Setelah lebih dari satu dekade sejak kemunculannya, USB-C yang dulu digadang-gadang sebagai port “segala bisa” kini dianggap gagal memenuhi janjinya. Harapan akan sebuah konektor universal yang dapat digunakan untuk semua perangkat, dari smartphone, laptop, headphone, hingga monitor, kini tinggal angan. Alih-alih menyederhanakan hidup pengguna, USB-C justru menambah kebingungan dan kekacauan.
Lihat saja sekitar kita: sulit membedakan kabel atau charger mana yang cepat, mana yang lambat, atau bahkan mana yang benar-benar kompatibel dengan perangkat kita. Sebagian port USB-C hanya mendukung kecepatan data rendah, sebagian lainnya mendukung pengisian daya cepat, dan sisanya mungkin punya fitur tambahan seperti dukungan display eksternal. Masalahnya, tidak ada tanda atau informasi yang jelas.
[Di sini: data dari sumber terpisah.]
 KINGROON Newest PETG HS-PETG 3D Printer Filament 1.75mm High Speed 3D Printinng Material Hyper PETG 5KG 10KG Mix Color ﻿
Bahkan produsen besar pun belum mampu memberikan solusi. Apple, misalnya, baru beralih ke USB-C lewat iPhone 15 karena regulasi Uni Eropa. Namun, model dasarnya masih menggunakan USB 2.0 dengan kecepatan data yang sangat rendah. Versi Pro memang lebih cepat, tapi masih tertinggal dari kemampuan Thunderbolt yang lebih canggih.
Sementara itu, standar pengisian cepat seperti USB Power Delivery (PD) dan Programmable Power Supply (PPS) sudah mulai digunakan secara luas. Namun, pengguna tetap harus jeli memilih charger dan kabel, karena tidak semua mendukung fitur ini secara optimal. Google Pixel 9 Pro XL, misalnya, hanya bisa mencapai kecepatan pengisian maksimal jika dipasangkan dengan charger PPS 20V, bukan yang 9V seperti sebelumnya.
China mencoba menawarkan solusi lewat Universal Fast Charging Specification (UFCS), sebuah standar baru yang kompatibel dengan USB PD 3.0. Meski menjanjikan, UFCS belum mendukung sistem lama seperti SuperVOOC atau HyperCharge, sehingga adopsinya masih akan memakan waktu.
Dan masalahnya bukan hanya di kecepatan atau pengisian daya. USB-C juga mencakup transfer data, dukungan audio, video, dan bahkan ekspansi PCI-E, tapi semuanya tergantung port dan kabel mana yang digunakan. USB4 yang seharusnya menyederhanakan malah menambah variasi baru dengan nama yang membingungkan: Gen 2×1, Gen 3×2, Gen 4, dengan kecepatan berbeda-beda. Sulit dipercaya ini datang dari standar yang sama.
USB-C memang universal dalam bentuk, tapi tidak dalam fungsi. Alih-alih mengurangi e-waste, banyak pengguna justru menimbun kabel dan charger dari berbagai standar untuk berjaga-jaga. Semua ini membuat cita-cita awal USB-C, satu kabel untuk semua jadi terasa mustahil. Kini, meski USB-C ada di mana-mana, keruwetan spesifikasinya sudah terlanjur jadi bagian dari kehidupan digital kita. Harapan akan dunia tanpa tumpukan kabel tampaknya harus ditunda… atau mungkin dilupakan saja.